Perhaps this might have been an open-and-shut case, but the actions of the army officials who tortured and killed the suspects highlighted more problems than just the coup attempt. This incident demonstrated the shortcomings of the Santomean government in responding to this sort of situation. While it had the foresight to invite third party investigators, it does not resolve the use of excessive force against prisoners, and it is beyond its remit to expose any corruption related to the land grab that may have triggered Costa’s second coup attempt. Further complicating matters is that the Santomean soldiers who killed the coup perpetrators in custody will now be tried by a military tribunal rather than a criminal court, raising questions of proper application of the law.

 

Although the incident took place over a year ago, the saga continues.
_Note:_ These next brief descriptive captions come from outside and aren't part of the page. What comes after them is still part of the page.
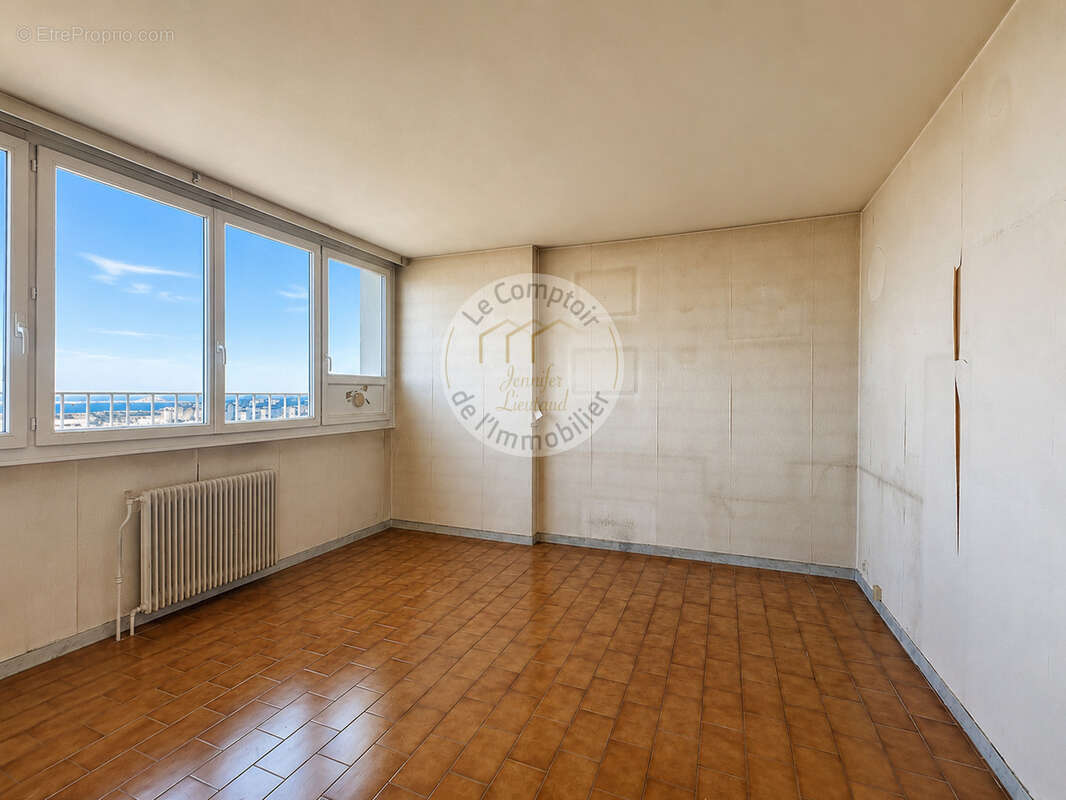 Appartement à MARSEILLE-9E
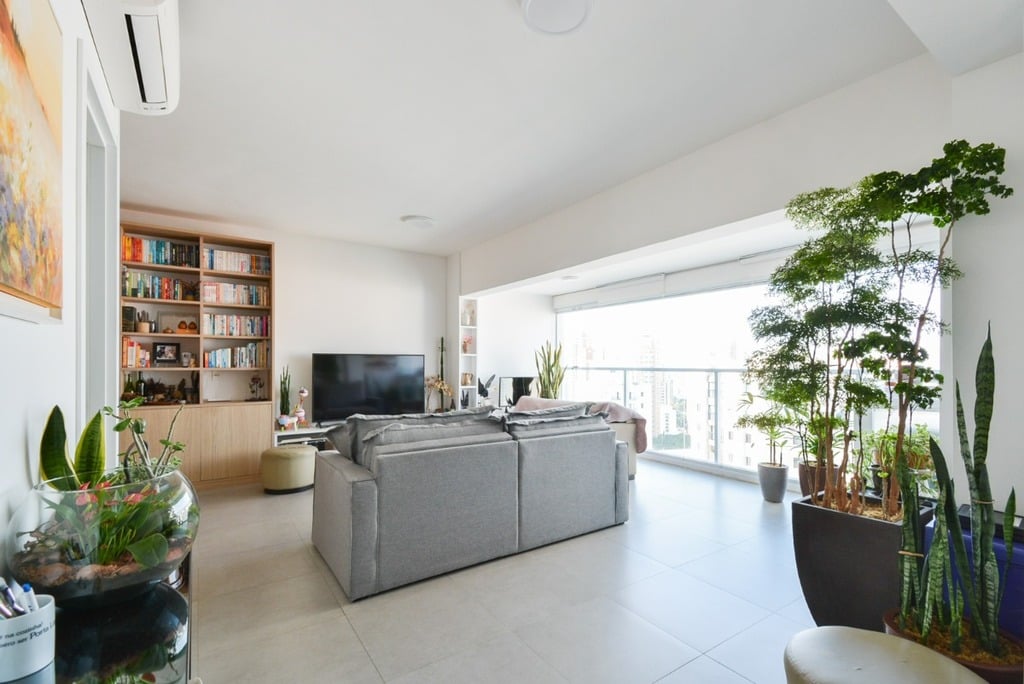 Apartamento à venda com 3 quartos, 105m² - Foto 1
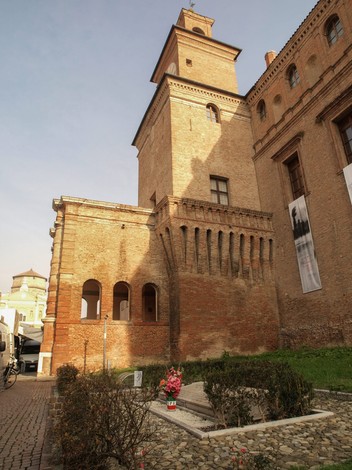 Monumento ai martiri del 16 agosto, situato in un'area storica con un edificio vicino.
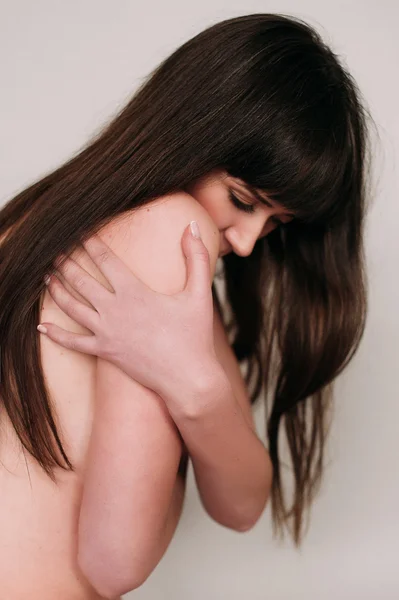 Belle femme aux lèvres rouges en studio, assise nue — Photo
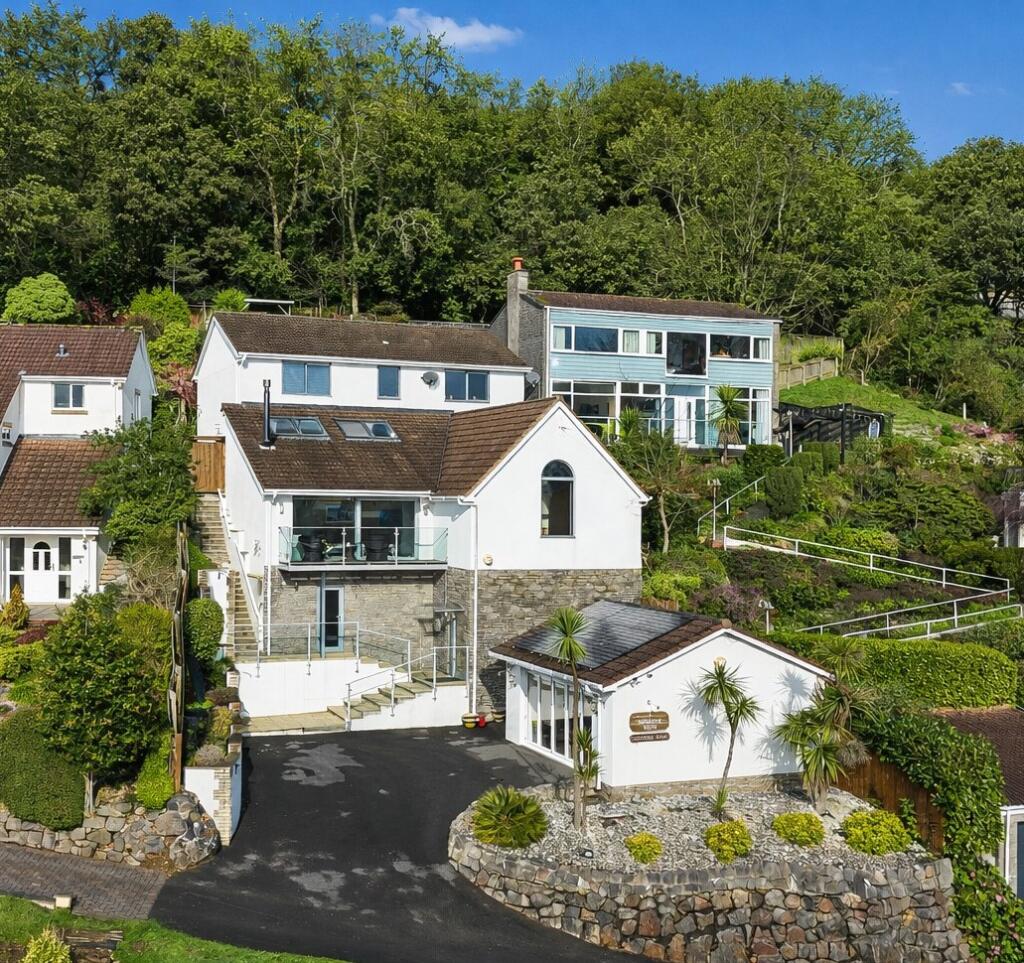 Main image of property: Leewood Road, Weston-Super-Mare, BS23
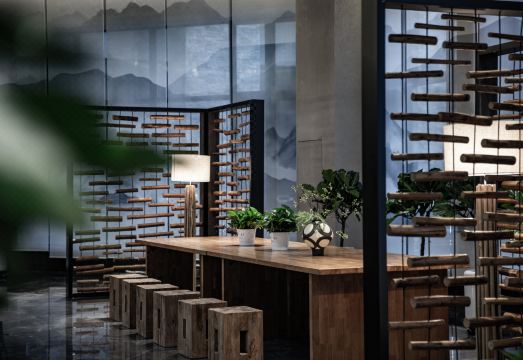 Kurdenin·Spruce Hotel Hotel Overview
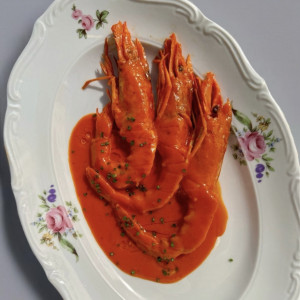 Аргентинские креветки в томатно-перечном соусе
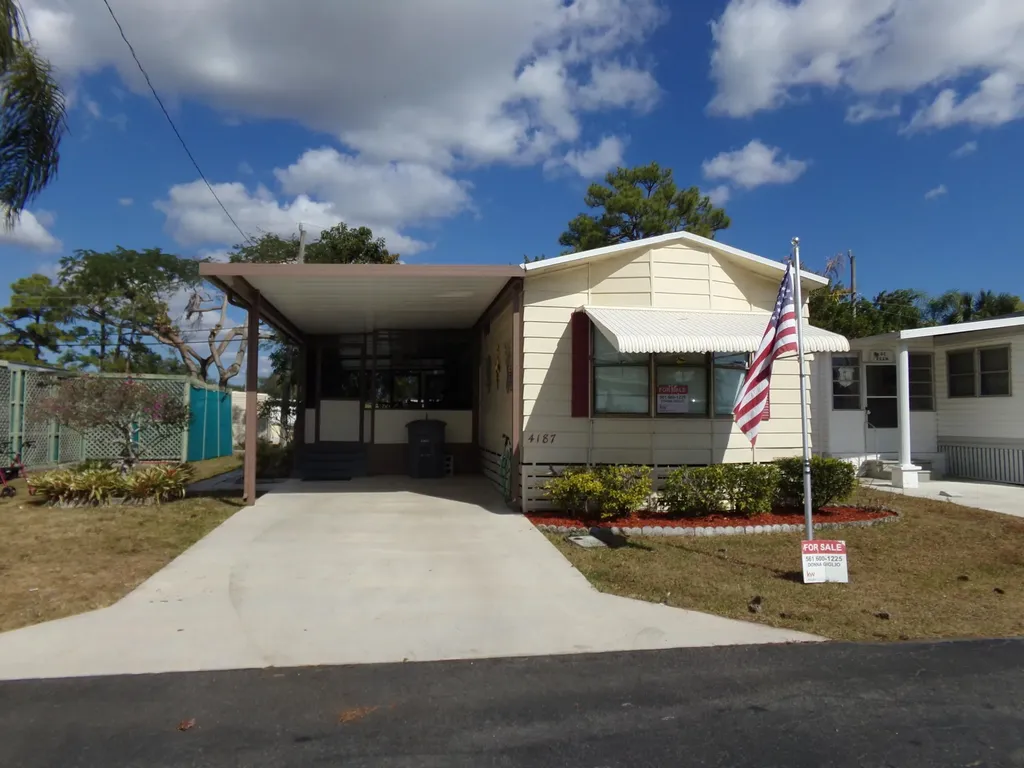 4187 S 88th Court Boynton Beach FL 33436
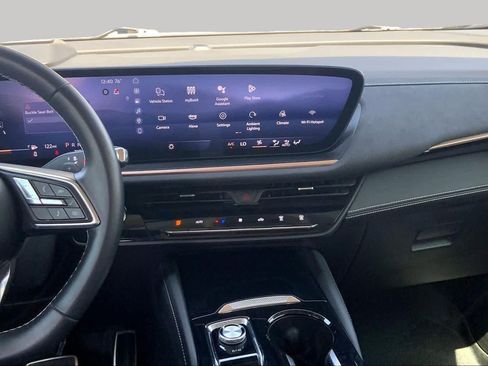 Used 2025 Buick Envision Sport Touring AWD/4WD image 7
The government of São Tomé and Príncipe will likely seek to close the book on this as soon as possible now. However, an inability to identify the root sources of conflict and tension that contributed to the coup and the treatment of the perpetrators in custody put the country on a shaky foundation going forward. There have already been five coup attempts since the country’s first democratic elections in 1991; failure to rectify the issues illustrated in this most recent attempt could contribute to others down the line.

 

 

Waldemar Farmhouse is an expert on issues related to Portuguese-speaking countries and Africa-Asia relations. He earned his master’s degree in International Relations from the International University of Japan. Waldemar was born in Angola, grew up in São Tomé and Príncipe, and currently resides in the United Kingdom where he continues his research on foreign policy and government.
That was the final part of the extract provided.